This bridge is a good example of John Denithorne & Son, a local bridge builder who built a number of bridges in Chester County. Very few examples of their work can be found outside of the southeastern Pennsylvania area. The company was noted for their unusual use of isolated single "X" lattice patterns under the top chord and end posts, a detail which is visible on this bridge. On a similar note, the v-lacing on the vertical members ends at the pole railings, and the rest of the vertical member uses battens. This design allows for the battens to also hold the pipe railings in place, since the pipe pass through the batten plates.
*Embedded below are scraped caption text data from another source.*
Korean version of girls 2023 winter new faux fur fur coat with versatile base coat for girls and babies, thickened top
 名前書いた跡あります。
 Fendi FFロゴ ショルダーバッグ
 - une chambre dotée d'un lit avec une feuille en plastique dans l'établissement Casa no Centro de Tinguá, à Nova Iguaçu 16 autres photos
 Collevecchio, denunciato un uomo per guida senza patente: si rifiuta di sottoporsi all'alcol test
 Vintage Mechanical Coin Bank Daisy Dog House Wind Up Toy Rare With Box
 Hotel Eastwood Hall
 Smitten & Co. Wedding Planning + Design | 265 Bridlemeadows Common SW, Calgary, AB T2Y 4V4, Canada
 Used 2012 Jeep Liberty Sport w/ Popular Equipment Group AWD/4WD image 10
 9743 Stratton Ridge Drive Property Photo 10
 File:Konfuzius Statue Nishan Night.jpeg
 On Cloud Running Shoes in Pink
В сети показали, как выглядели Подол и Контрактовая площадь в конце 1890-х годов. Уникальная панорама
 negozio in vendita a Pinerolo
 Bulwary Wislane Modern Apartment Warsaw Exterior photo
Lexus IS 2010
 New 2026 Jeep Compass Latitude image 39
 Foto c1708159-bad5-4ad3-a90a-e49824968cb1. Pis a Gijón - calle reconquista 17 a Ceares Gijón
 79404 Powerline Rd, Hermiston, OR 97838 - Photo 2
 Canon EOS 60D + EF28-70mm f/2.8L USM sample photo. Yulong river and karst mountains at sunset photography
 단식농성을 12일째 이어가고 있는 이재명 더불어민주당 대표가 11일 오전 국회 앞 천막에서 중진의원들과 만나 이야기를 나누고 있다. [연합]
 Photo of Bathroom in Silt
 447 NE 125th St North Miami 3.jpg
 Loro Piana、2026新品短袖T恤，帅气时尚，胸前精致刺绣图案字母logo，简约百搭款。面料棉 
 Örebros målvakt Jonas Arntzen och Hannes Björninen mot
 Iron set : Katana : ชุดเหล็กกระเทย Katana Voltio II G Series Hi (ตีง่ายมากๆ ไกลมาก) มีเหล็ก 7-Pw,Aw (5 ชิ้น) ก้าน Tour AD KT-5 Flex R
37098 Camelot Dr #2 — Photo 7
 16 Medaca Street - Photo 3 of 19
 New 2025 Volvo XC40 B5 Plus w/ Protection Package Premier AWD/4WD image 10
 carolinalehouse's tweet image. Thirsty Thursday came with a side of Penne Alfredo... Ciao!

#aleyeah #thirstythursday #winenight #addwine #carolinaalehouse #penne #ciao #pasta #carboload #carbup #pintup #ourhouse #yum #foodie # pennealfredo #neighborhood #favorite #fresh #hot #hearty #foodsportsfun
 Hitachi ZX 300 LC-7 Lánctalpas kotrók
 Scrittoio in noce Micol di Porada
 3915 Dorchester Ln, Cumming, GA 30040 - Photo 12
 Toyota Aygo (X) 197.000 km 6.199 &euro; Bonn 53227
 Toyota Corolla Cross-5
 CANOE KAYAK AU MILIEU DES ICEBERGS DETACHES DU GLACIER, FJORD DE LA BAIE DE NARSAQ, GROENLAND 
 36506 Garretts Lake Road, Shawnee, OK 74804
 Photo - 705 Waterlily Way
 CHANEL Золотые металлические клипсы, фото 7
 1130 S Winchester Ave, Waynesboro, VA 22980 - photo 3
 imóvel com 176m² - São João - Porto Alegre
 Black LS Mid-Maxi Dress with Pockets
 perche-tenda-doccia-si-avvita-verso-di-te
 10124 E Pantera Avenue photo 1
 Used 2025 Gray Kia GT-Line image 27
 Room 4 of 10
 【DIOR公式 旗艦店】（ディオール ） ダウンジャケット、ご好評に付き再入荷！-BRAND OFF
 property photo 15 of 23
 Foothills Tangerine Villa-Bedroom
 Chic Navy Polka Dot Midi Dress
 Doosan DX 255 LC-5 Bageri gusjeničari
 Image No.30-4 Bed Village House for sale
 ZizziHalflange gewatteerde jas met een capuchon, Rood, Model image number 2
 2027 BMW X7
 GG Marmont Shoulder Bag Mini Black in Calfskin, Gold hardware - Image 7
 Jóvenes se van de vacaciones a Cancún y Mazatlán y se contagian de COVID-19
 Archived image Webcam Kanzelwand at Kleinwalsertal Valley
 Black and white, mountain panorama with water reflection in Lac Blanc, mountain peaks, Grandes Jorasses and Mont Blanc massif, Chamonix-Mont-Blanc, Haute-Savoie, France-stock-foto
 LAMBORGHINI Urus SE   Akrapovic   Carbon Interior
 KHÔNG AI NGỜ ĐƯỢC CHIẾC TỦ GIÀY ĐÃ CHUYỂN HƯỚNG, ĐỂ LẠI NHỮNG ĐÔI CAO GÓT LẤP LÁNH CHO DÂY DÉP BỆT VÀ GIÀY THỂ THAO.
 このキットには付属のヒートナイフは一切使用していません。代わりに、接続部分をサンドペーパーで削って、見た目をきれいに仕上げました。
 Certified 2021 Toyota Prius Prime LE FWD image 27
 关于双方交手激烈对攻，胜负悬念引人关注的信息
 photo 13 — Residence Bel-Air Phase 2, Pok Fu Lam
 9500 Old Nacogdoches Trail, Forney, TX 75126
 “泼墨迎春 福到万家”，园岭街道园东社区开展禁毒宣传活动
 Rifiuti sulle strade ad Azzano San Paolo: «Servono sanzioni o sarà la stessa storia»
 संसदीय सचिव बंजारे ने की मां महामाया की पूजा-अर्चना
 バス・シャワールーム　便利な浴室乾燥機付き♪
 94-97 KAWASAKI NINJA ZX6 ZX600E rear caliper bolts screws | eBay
Information and Findings From Pennsylvania's Historic Bridge Inventory
Discussion of Bridge
The one-span, 58'-long, pin-connected, wrought-iron, pony truss bridge is supported on stone abutments. The bridge has built-up upper chords and verticals, and eye bar lower chords and diagonals. U-shaped hangers support built-up floorbeams. The floorbeams extend outward beyond the truss lines to provide points to connect the angle outriggers. The bridge is among the oldest examples in the region of the pin-connected Pratt truss bridge design with standard details, such as all pin connections, all members composed of standard built-up shapes or eye bars, and U-shaped floorbeam hangers, that were common from the mid 1880s to the early 20th century. It was built by John Denithorne & Son, a leading fabricator of metal truss highway bridges in the county and region.
Discussion of Surrounding Area
The bridge carries a 2 lane road over a stream in a rural setting with scattered 18th to 20th century residences and active farms. At the south end of the bridge, opposite a Tintersection of two local roads, is a ca. 1800 log and stone residence. North of the bridge is a late-20th-century residence on a wooded lot.